4° dimanche de Carême : réparer les vivants

Homélie du frère jean-Pierre Mérimée

« En ce temps là en sortant du temple, Jésus vit ». Il vit : notation d’apparence anodine – il s’agit d’une scène de la vie quotidienne, un pauvre à la porte d’une église – mais pas si banale que ça en vérité. Encore faut-il voir en effet ce que l’on voit, cela veut dire déjà ne pas détourner le regard, ensuite savoir exercer une qualité de regard particulière, permettant de prendre la mesure de ce que l’on voit  et d’en tirer les conséquences : une règle de conduite, un comportement. C’est donc se sentir engagé par ce que l’on voit. Ce n’est pas si fréquent, même si on n’est pas aveugle de naissance. La politique de l’autruche, nous connaissons.

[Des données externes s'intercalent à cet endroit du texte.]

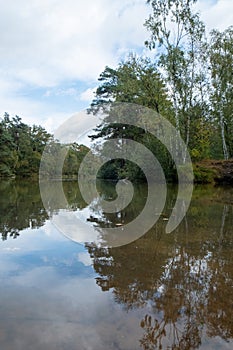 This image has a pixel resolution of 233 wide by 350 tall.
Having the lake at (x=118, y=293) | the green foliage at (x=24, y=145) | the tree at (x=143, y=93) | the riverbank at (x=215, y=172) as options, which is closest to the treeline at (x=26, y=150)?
the green foliage at (x=24, y=145)

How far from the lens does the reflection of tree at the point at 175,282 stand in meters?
1.70

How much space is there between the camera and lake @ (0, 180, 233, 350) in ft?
5.29

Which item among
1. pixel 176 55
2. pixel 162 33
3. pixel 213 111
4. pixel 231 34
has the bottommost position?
pixel 213 111

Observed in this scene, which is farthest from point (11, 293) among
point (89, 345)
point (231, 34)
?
point (231, 34)

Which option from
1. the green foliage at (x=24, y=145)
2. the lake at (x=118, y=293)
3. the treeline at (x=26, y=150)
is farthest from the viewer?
the green foliage at (x=24, y=145)

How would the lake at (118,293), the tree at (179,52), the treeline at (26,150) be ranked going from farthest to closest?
1. the treeline at (26,150)
2. the tree at (179,52)
3. the lake at (118,293)

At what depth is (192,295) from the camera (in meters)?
2.16

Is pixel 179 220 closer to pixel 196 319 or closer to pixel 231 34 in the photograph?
pixel 196 319

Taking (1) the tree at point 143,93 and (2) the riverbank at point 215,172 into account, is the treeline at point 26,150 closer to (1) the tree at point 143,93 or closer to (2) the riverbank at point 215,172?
(1) the tree at point 143,93

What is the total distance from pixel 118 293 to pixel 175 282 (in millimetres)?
530

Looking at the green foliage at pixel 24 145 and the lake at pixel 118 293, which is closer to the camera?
the lake at pixel 118 293

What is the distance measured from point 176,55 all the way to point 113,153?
511 inches

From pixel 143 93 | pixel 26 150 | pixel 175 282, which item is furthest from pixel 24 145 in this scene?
pixel 175 282

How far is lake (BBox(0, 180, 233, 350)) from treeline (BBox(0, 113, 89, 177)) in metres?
33.8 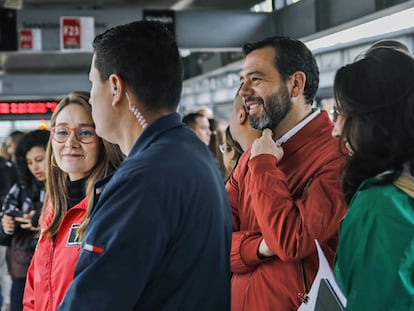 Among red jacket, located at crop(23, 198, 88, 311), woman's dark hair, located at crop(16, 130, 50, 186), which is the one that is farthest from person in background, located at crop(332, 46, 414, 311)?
woman's dark hair, located at crop(16, 130, 50, 186)

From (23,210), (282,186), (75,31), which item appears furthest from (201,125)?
(282,186)

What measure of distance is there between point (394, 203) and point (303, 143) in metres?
0.84

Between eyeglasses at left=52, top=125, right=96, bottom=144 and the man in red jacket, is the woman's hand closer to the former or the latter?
eyeglasses at left=52, top=125, right=96, bottom=144

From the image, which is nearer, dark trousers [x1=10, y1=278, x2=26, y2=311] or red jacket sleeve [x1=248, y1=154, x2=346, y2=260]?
red jacket sleeve [x1=248, y1=154, x2=346, y2=260]

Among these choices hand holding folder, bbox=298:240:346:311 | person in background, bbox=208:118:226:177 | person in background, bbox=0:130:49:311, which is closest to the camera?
hand holding folder, bbox=298:240:346:311

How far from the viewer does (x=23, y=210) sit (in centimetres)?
450

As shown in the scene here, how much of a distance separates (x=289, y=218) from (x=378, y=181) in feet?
2.01

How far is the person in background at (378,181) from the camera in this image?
4.93 ft

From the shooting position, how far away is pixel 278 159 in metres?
2.29

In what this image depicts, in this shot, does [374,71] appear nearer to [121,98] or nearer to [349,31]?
[121,98]

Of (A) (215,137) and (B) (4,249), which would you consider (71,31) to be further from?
(B) (4,249)

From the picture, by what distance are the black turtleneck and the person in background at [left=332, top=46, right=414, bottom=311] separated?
1.11 m

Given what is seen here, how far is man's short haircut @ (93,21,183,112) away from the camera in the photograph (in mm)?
1616

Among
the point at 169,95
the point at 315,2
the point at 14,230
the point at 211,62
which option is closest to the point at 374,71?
the point at 169,95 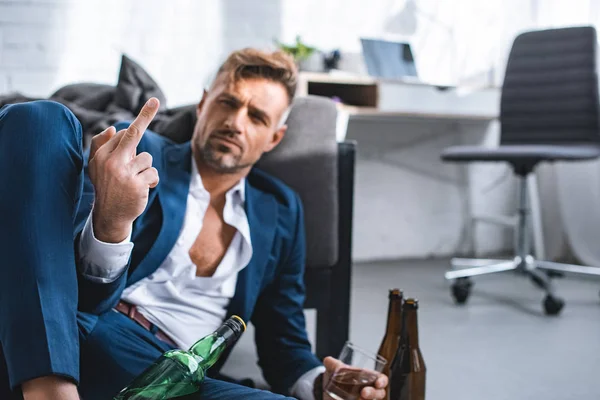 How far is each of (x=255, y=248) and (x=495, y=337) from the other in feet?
3.94

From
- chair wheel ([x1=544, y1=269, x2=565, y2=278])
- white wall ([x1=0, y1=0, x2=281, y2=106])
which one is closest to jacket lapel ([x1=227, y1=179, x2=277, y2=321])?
chair wheel ([x1=544, y1=269, x2=565, y2=278])

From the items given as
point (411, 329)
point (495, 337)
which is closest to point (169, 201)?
point (411, 329)

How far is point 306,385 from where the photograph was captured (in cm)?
131

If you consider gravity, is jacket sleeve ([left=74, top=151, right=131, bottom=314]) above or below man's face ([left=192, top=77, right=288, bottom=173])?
below

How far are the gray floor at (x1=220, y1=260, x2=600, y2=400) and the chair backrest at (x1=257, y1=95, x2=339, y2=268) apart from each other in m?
0.46

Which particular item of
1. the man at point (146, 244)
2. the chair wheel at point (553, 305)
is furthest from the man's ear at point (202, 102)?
the chair wheel at point (553, 305)

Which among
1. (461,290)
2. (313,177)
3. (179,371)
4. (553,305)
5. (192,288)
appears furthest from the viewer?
(461,290)

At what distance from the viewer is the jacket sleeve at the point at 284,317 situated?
4.65 feet

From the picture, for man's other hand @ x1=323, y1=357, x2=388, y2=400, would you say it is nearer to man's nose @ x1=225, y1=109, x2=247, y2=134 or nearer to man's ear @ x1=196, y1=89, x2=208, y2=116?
man's nose @ x1=225, y1=109, x2=247, y2=134

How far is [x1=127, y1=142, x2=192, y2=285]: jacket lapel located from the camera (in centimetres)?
125

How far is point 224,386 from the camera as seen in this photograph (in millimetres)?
1042

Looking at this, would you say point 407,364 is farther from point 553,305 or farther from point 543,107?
point 543,107

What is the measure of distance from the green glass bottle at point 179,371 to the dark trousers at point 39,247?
0.06m

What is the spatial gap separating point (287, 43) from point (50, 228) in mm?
2780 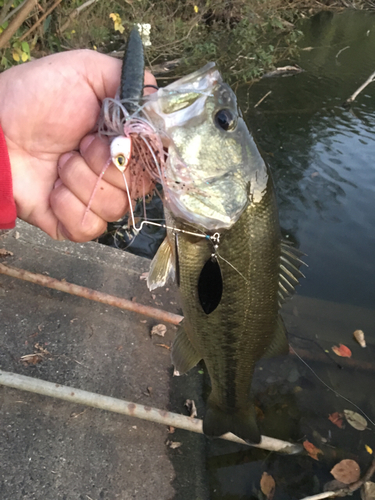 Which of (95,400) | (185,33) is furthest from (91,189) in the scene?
(185,33)

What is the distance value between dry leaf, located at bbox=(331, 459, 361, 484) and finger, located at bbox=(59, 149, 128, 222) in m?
3.08

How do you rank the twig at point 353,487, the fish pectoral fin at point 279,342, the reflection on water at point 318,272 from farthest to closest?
the reflection on water at point 318,272, the twig at point 353,487, the fish pectoral fin at point 279,342

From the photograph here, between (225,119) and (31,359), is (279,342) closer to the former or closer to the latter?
(225,119)

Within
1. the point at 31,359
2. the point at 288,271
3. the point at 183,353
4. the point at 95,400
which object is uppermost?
the point at 288,271

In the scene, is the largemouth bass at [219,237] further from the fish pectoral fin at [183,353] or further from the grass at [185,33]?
the grass at [185,33]

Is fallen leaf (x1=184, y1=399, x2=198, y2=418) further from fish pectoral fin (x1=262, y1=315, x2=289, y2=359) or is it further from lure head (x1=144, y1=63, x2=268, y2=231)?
lure head (x1=144, y1=63, x2=268, y2=231)

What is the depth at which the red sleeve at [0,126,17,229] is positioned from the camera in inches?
67.6

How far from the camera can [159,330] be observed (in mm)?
3510

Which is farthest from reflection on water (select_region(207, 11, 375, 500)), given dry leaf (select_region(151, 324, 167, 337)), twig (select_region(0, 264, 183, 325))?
twig (select_region(0, 264, 183, 325))

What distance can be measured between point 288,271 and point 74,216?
1146mm

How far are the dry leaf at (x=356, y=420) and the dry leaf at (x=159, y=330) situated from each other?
2093 millimetres

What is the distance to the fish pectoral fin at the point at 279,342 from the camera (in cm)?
209

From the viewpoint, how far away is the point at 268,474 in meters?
3.10

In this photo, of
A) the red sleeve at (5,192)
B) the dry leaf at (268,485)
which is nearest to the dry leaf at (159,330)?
the dry leaf at (268,485) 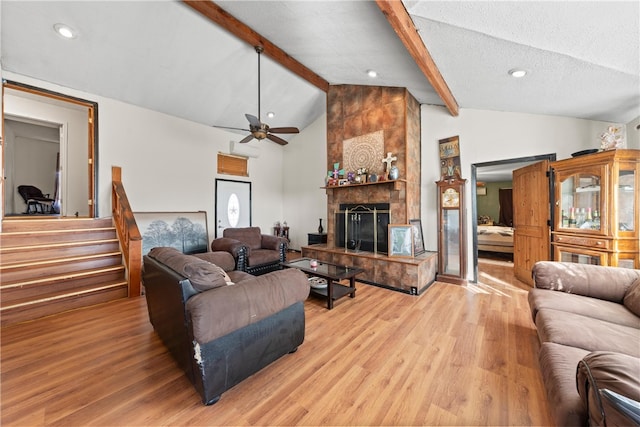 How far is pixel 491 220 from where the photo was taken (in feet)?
25.5

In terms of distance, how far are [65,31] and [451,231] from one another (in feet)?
20.0

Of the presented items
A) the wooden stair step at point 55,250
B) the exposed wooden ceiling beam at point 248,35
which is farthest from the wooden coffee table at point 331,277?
the exposed wooden ceiling beam at point 248,35

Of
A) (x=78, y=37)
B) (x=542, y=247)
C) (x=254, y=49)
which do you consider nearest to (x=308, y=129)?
(x=254, y=49)

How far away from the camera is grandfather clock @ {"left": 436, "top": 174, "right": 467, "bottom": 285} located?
3885mm

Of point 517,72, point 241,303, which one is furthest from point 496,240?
point 241,303

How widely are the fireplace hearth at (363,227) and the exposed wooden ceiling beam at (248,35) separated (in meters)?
2.57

Il faut également, autre précision du texte, sortir du Temple, rencontrer celui qui est à la porte, sur le parvis, le profane au sens étymologique du terme : celui qui est pro-fanum, devant le temple.

Car, souligne Jésus : « Il nous faut travailler aux œuvres de Celui qui m’a envoyé, tant qu’il fait jour». C’est ce que Jésus est venu faire parmi nous : réparer les vivants, tous les vivants, en faire des voyants, des croyants, leur permettre de vivre enfin leurs désirs d’être eux-mêmes, d’accomplir pleinement leur humanité en libérant ce gisement de lumière qu’ils portent en eux depuis l’origine. Gisement prisonnier de leur nuit, de leurs obscurités, de leurs violences, de leurs lâchetés comme l’amande est prisonnière de la coque, comme le regard de l’aveugle de naissance est privé de la lumière. « Frères, autrefois vous étiez ténèbres ; maintenant dans le Seigneur, vous êtes lumière » affirme Saint Paul aux Ephésiens.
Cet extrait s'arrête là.